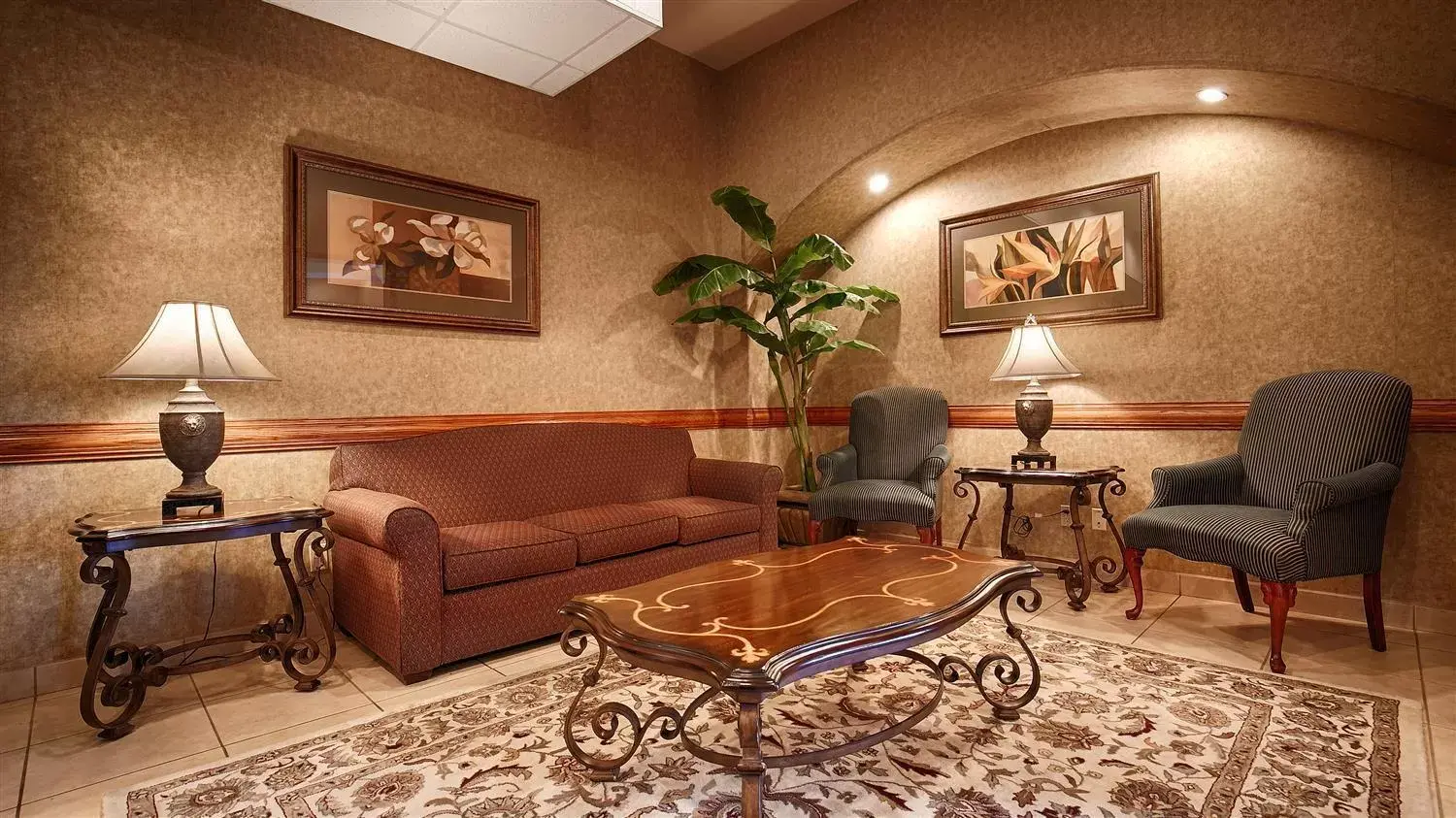 Lobby or reception, Seating Area in Best Western Casa Villa Suites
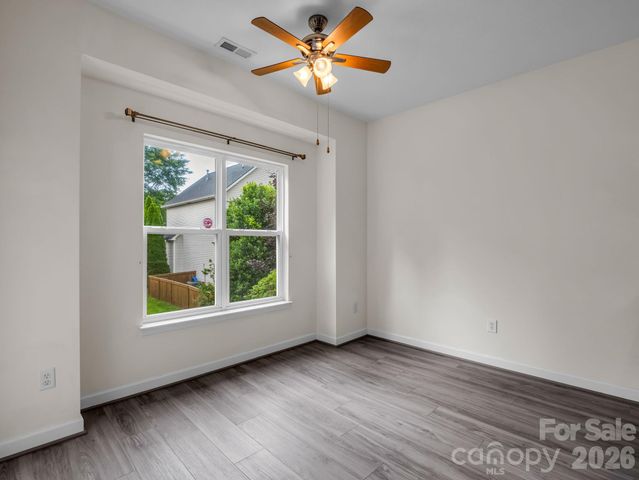 6 Scottish Circle, Asheville, NC 28803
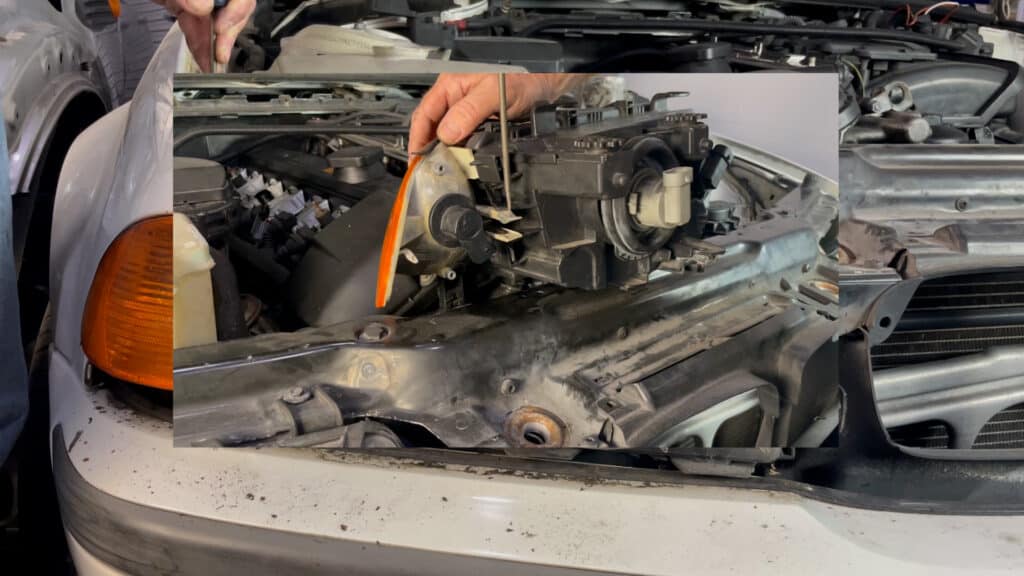 BMW E46 Headlight Removal 19992005 3 Series Sedans/Touring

□ □ □ □ □

Brief: Set down the data above exactly as written. Omit the pictures.

Your solution:
 Lobby or reception, Seating Area in Best Western Casa Villa Suites
 6 Scottish Circle, Asheville, NC 28803
 BMW E46 Headlight Removal 19992005 3 Series Sedans/Touring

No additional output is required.